Caption-style text data ▸
□ □ □

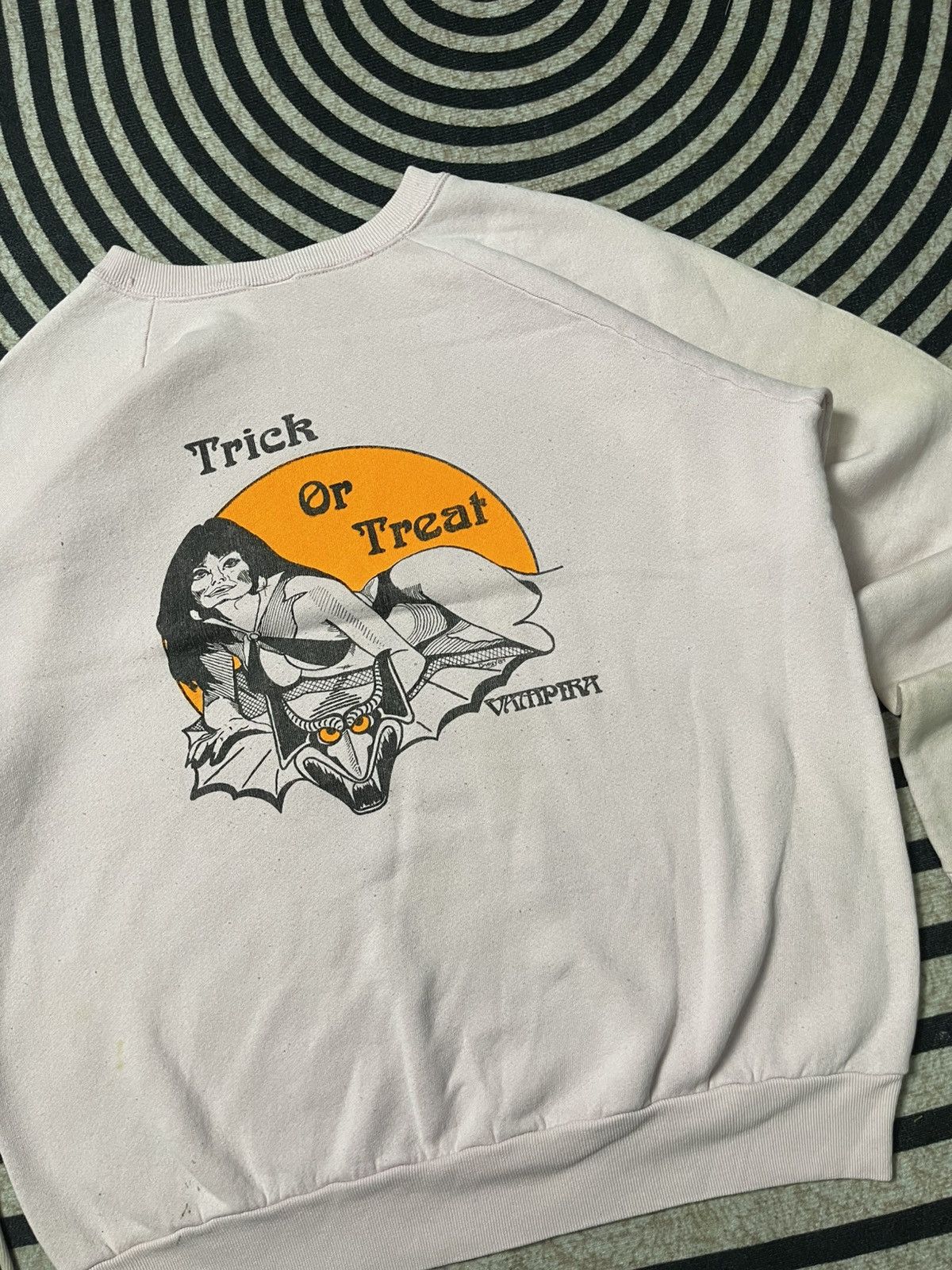 Fruit Of The Loom 90s SIN CITY VANS HALLO WALLO IN TRICK OR TREAT SWEATSHIRT Size US XL / EU 56 / 4 - 15 Thumbnail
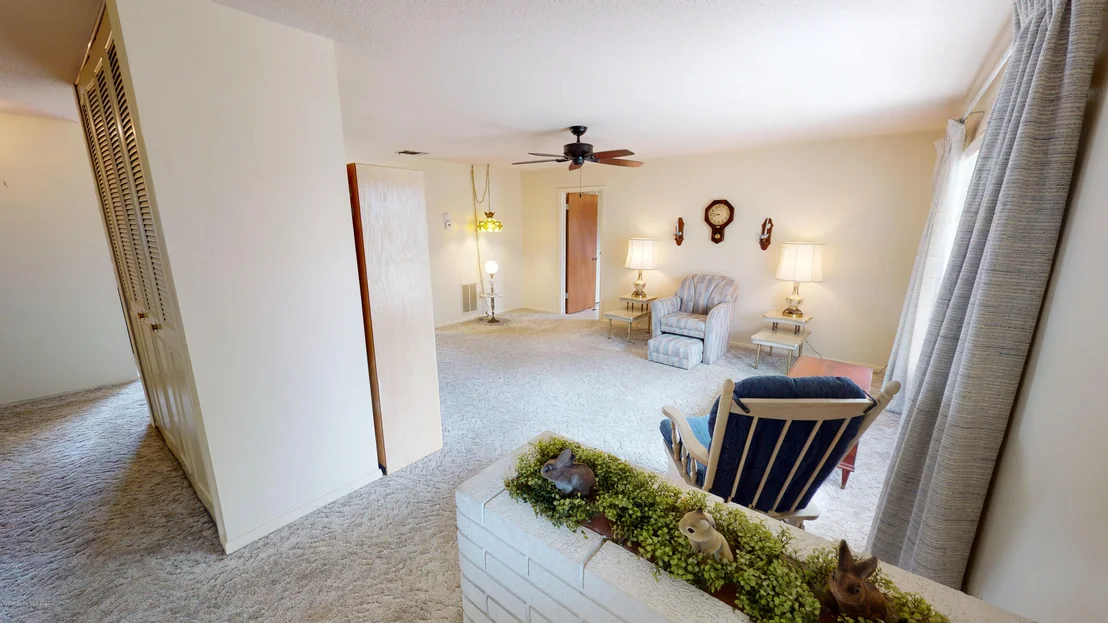 Photo of 566 Ford Circle E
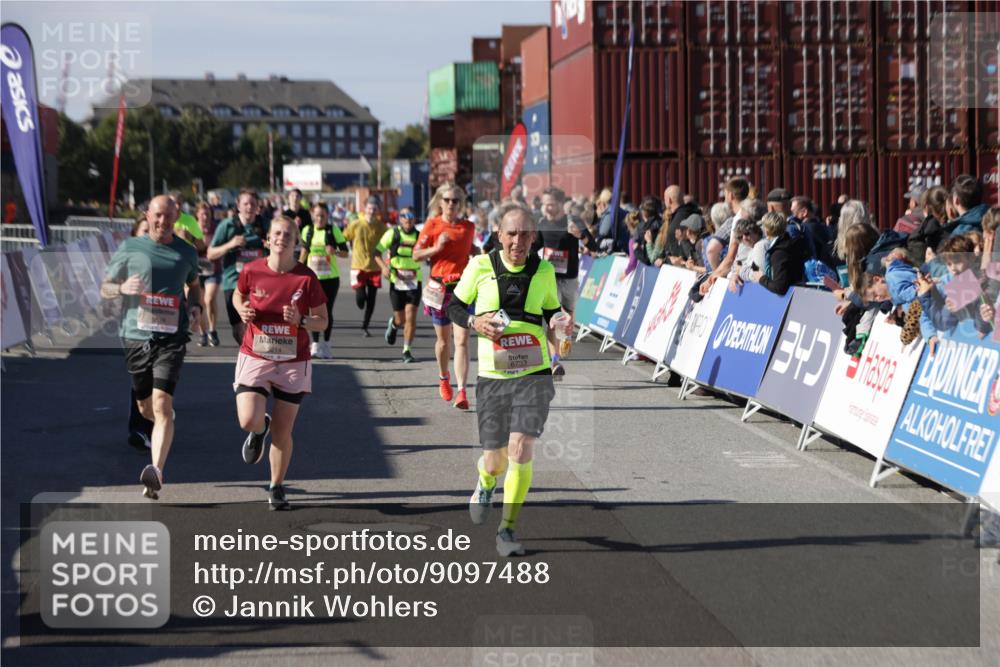 03.10.2025 - Köhlbrandbrückenlauf Jannik Wohlers http://msf.ph/oto/9097488 03.10.2025 13:22:31 Ziel 4481, 4482, 4508, 5213, 5214, 5272, 5839, 5851, 5929, 5982, 6188, 6300, 6413, 6733 meine-sportfotos.de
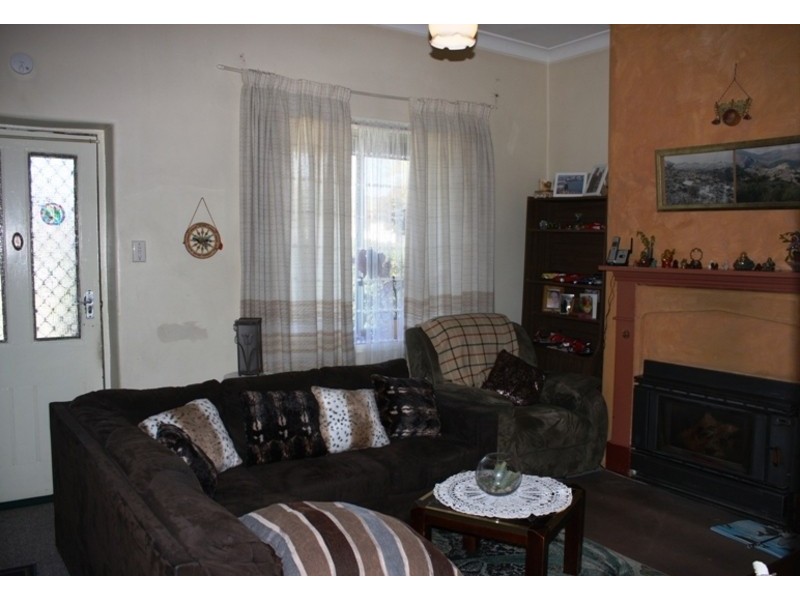 39 Denison Street, Cooma NSW 2630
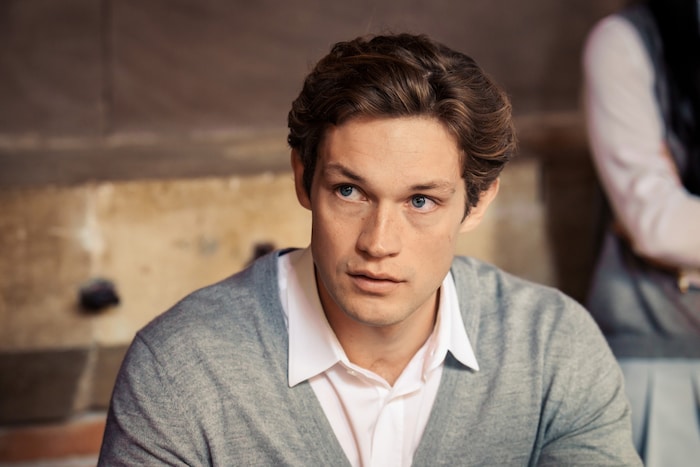 In Staffel 2 muss James um die Liebe von Ruby (Harriet Herbig-Matten) kämpfen.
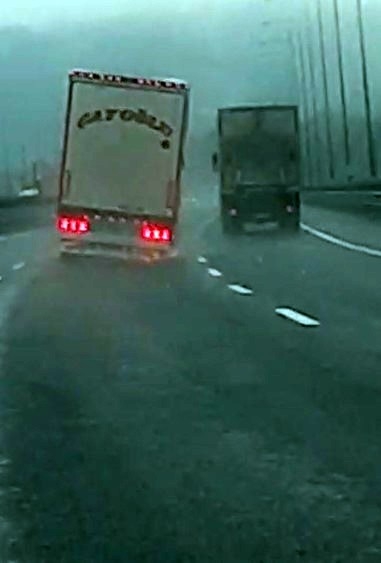 Bolu’da Tem Otoyolu’nda Lastiği Çıkan Tır Tehlikeye Neden Oldu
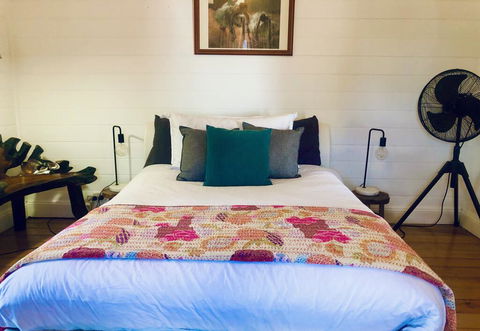 Blue Duck Cottage, Village Comfort, Fireplace - Tourism Canberra 0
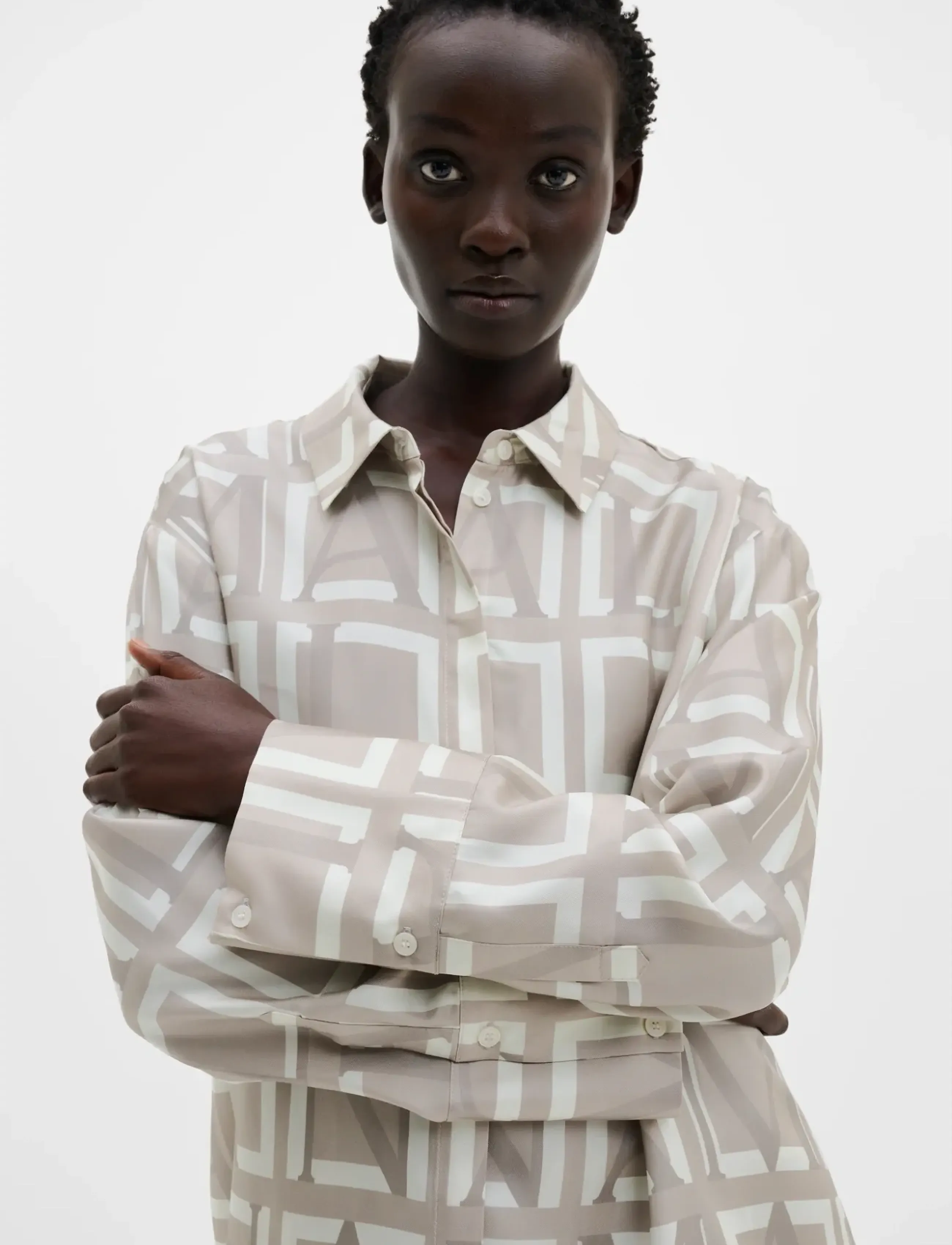 Malina - Felicity Silk Shirt - jeansowe koszule - monogram taupe - 3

□ □ □

WORK ITEM ▸ Only the lines from the beginning of the records up to and including the line with "In Staffel 2" should appear, exactly as they are, and no pictures.

TASK OUTPUT ▸
 Fruit Of The Loom 90s SIN CITY VANS HALLO WALLO IN TRICK OR TREAT SWEATSHIRT Size US XL / EU 56 / 4 - 15 Thumbnail
 Photo of 566 Ford Circle E
 03.10.2025 - Köhlbrandbrückenlauf Jannik Wohlers http://msf.ph/oto/9097488 03.10.2025 13:22:31 Ziel 4481, 4482, 4508, 5213, 5214, 5272, 5839, 5851, 5929, 5982, 6188, 6300, 6413, 6733 meine-sportfotos.de
 39 Denison Street, Cooma NSW 2630
 In Staffel 2 muss James um die Liebe von Ruby (Harriet Herbig-Matten) kämpfen.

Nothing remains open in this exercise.